Verification — TypeScript / Node
import { createHmac, timingSafeEqual } from "node:crypto";
const SECRET = process.env.LITEPUSH_WEBHOOK_SECRET!;
const TOLERANCE_MS = 5 * 60_000;
function verify(rawBody: string, header: string | null): boolean {
if (!header) return false;
// Header format: "t=<ms>,v1=<hex>"
const parts = Object.fromEntries(
header.split(",").map((kv) => kv.split("=") as [string, string])
);
const t = Number(parts.t);
const v1 = parts.v1;
if (!t || !v1) return false;
// Reject replays older than 5 minutes.
if (Math.abs(Date.now() - t) > TOLERANCE_MS) return false;
const expected = createHmac("sha256", SECRET)
.update(`${t}.${rawBody}`)
.digest("hex");
// Constant-time compare — NEVER use === here.

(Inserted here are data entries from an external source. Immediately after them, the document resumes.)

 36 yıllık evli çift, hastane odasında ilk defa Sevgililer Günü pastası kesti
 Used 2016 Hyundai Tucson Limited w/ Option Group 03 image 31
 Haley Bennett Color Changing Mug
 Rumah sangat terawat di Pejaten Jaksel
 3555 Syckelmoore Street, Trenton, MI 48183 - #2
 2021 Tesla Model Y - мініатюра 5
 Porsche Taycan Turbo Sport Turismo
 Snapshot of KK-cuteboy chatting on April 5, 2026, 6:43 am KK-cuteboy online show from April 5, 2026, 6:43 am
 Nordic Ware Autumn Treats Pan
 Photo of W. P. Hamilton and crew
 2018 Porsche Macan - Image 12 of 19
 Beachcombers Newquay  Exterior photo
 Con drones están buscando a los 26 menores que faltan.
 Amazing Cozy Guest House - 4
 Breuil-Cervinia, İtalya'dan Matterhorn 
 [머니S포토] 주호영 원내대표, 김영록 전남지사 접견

const a = Buffer.from(expected, "hex");
const b = Buffer.from(v1, "hex");
return a.length === b.length && timingSafeEqual(a, b);
}
Verification — Cloudflare Workers / Web Crypto
If you're on Cloudflare Workers or another edge runtime without node:crypto:
async function verify(rawBody: string, header: string | null, secret: string) {
if (!header) return false;
const parts = Object.fromEntries(
header.split(",").map((kv) => kv.split("=") as [string, string])
);
const t = Number(parts.t);
const v1 = parts.v1;
if (!t || !v1) return false;
if (Math.abs(Date.now() - t) > 5 * 60_000) return false;
const key = await crypto.subtle.importKey(
"raw",
new TextEncoder().encode(secret),
{ name: "HMAC", hash: "SHA-256" },
false,
["sign"],
);
const sigBuf = await crypto.subtle.sign(
"HMAC",
key,
new TextEncoder().encode(`${t}.${rawBody}`),
);
const expected = [...new Uint8Array(sigBuf)]
.map((b) => b.toString(16).padStart(2, "0"))
.join("");
if (expected.length !== v1.length) return false;
let diff = 0;
for (let i = 0; i < expected.length; i++) {
diff |= expected.charCodeAt(i) ^ v1.charCodeAt(i);
}
return diff === 0;
}
Handler best practices
// Hono on Cloudflare Workers
app.post("/webhooks/litepush", async (c) => {
// CRITICAL: read the raw body, not parsed JSON. The signature was
// computed over the exact bytes we sent — parsing then re-serialising
// changes whitespace and breaks the HMAC.
const rawBody = await c.req.text();
const sigHeader = c.req.header("LitePush-Signature");
if (!(await verify(rawBody, sigHeader, c.env.LITEPUSH_WEBHOOK_SECRET))) {
return c.json({ error: "invalid signature" }, 401);
}
const event = JSON.parse(rawBody);
// Idempotency: retries deliver the same event.id with a NEW signature
// timestamp. Dedupe by event.id on your side.
if (await alreadyProcessed(event.id)) {
return c.json({ ok: true }); // ack so we stop retrying
}
await markProcessed(event.id);
// ... your business logic ...
// Return 200 fast — heavy work should be enqueued, not awaited inline.
return c.json({ ok: true });
});
Retries
Non-2xx responses (or timeouts past 10s) get retried up to 5 times with exponential backoff. After 5 attempts the message is dropped — we don't queue indefinitely.
If your endpoint is down for hours, you'll lose any events that fired during the outage. Plan accordingly — for high-stakes signals consider also polling the dashboard's broadcast detail endpoint.
Rotating the signing secret
Project → Settings → Webhooks → Rotate signing secret. Generates a fresh whsec_* and invalidates the old one immediately. In-flight queue messages (a few seconds) still carry the old secret, so brief overlap is expected — rotate during a low-traffic window.